Door Karel de Grote, die in de negende eeuw de grote reorganisatie van Frankrijk tot stand bracht zou aan een verdienstelijk legeraanvoerder Horn en Loon in leen zijn gegeven en toen in de tiende eeuw het ambt van graaf erfelijk werd, gingen deze gebieden aan de graaf over. Zo vinden we een Conrad van Horn onder de edelen die in 1088 te Luik het vredesgerecht vestigden. Deze Conrad, heer van Horn was getrouwd net Mathilde van Gulik en had als erfdochter Ermengarde, die met Emmon graaf van Loon huwde en in 1047 leefde. Een zoon noemde zich in 1084 graaf van Loon, heer van Horn. Goethals de genealoog van het geslacht der van Hornes verwerpt de stelling dat de heren van Horn zouden stammen uit het geslacht van Loon, maar dat zij zijn gesproten in de twaalfde eeuw uit de hertogen van Lotharingen. In 1103 zien we Horn dan ook als zelfstandig gebied van Dirk van Horn dat later overgaat aan het Huis van Horn Altena. Een akte van 1243 houdt in dat Willem heer van Horn en Altena van de graaf van Loon in leen heeft alle recht en seculiere macht en alle justitie over de dorpen Horn, Beegden en nog 20 andere plaatsen. Het is alles nogal verwaterd en een vaststaande lijn in de historie der van Hornes kunnen we feitelijk eerst beginnen met Willem I in l2l9. Het goed is dan nog geen graafschap, als zodanig wordt het eerst in 1450 verheven. Als eerste graaf van het heilige Roomse rijk vinden we dan Jacob. I, heer van Horn die 2 mei 1488 als Franciscaan der Hinderbroeders te Weert is gestorven. Zijn bezittingen gaan over op Jacob II en vervolgens op Jacob III, die 7 aug. 1531 sneuvelt en die dan wordt opgevolgd door diens broeder Jan.

Jan I sterft als heer van Horn in 1540 en met hem is de mannelijke linie uitgestorven. Zijn vrouw was Anna van Egmond van Buren, weduwe van Joseph de Montmorency. Een geadopteerd kind van deze vrouw wordt opvolger en zo hebben we dan als heer van Horne de in onze vaderlandse geschiedenis bekende Philip de Montmorency, die met Lamoraal van Egmond op 5 Juni l568 te Brussel werden onthoofd omdat zij met prins Willem van Oranje het driemanschap hadden gevormd dat Nederland los wilde maken van Spanje. Philip stierf kinderloos.
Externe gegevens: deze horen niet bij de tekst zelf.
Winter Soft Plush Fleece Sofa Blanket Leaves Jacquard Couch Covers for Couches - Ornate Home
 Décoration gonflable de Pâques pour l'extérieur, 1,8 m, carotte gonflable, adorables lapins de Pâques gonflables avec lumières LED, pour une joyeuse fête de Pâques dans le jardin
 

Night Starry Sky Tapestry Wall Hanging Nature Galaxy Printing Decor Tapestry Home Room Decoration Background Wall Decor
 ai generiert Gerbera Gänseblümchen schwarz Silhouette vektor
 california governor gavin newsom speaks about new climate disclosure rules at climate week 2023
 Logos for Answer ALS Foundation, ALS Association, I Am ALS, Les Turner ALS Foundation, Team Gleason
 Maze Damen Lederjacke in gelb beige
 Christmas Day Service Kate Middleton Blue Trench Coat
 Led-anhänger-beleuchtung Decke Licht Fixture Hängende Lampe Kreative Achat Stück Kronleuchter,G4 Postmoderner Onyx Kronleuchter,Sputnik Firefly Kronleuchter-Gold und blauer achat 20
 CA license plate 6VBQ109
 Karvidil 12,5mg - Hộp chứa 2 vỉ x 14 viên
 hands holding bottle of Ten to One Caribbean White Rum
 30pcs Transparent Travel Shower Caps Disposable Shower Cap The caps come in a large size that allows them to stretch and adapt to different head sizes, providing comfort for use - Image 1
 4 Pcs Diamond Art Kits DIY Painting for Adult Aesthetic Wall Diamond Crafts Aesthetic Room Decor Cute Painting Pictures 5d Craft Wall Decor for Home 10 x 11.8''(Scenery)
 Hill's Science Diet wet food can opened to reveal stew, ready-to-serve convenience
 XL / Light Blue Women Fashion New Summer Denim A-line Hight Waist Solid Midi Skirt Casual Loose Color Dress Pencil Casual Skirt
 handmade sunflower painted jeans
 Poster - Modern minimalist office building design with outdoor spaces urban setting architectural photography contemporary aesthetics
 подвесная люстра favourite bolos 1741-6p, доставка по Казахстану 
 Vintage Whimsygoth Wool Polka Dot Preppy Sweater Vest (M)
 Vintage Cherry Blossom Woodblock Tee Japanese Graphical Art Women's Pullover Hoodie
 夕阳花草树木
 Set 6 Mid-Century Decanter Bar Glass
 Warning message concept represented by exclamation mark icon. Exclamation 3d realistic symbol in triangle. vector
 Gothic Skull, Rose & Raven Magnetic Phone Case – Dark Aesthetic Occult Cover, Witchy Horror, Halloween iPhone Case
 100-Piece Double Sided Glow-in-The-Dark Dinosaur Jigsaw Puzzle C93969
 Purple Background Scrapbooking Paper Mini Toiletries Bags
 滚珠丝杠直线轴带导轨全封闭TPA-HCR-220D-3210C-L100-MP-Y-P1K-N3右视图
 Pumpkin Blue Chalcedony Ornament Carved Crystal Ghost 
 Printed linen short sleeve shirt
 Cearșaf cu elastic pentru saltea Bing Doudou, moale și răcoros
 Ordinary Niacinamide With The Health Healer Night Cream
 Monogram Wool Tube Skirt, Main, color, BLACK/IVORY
Er ontstond een langdurende erfeniskwestie die eindigde met de weder samenvoeging van Horn bij het graafschap Loon. Leenheer word toen de graaf van Loon, die tevens prins bisschop was van Luik. Aan deze verhouding maakt eerst de Franse revolutie een einde. Op 12 April 1798 werd Horn als domeingoed publiek verkocht aan Marcel Gerard Magnée, die sinds 1787 rentneester was van gravin Celissine en de graaf van Horn. Het in verval geraakte kasteel werd hersteld en is door dit geslacht steeds bewoond. Voor de hoofdingang aan de kasteelweg staat een gedenksteen ter dankbare herinnering aan heer Robert Magnée de Horne 27 juni 1935. Naast de kerk ligt zijn graf. Hun zoon was burgemeester van Maasbree en werd in de laatste wereldoorlog door de Duitsers weggevoerd.
Het machtige kasteel Horn ligt in de winterbedding van de Maas op een burchtheuvel. Het is een ronde burcht, een uitloper van de walburchten zoals deze in de na Karolische tijd hier nog toepassing heeft gevonden. We moeten deze sterkte terugbrengen tot de dertiende eeuw maar de hoge woonvleugen links van de uit de 15e of 16e eeuw dagtekende ingangspartij, is niet ouder dan de 14e of 15e eeuw. De hoge ringmuur en de uitgebouwde ronde toren die aan het ovaal binnenplein zijn gesloten hebben een 14 of 15e eeuws karakter.
De ringmuur draagt nog de weergang, die rust op de tegen de tegen de schildmuur opgetrokken gemetselde pijlers, onderling verbonden door bogen. De oorspronkelijke geslotenheid is onderbroken doordat de schildmuur met schietgat onder enkele bogen is uitgebroken waardoor men de indruk van een Loggia krijgt. Maar het geheel heeft toch nog wel het karakter van een gesloten middeleeuwse burcht behouden.
De woonvleugel vormt een rechte hoek met de ingangsvleugel en rechts hiervan staat een ronde toren van mergel. De ringmuur omsluit een groot binnenhof en verbind woonvleugel en toren. In het midden van het half cirkelvormig beloop van de ringmuur is de ronde toren gebouwd. Na de brand van 1948 heeft men het geheel in oude trant gerestaureerd en de grote ridderzaal ook in haar vroegere luister hersteld.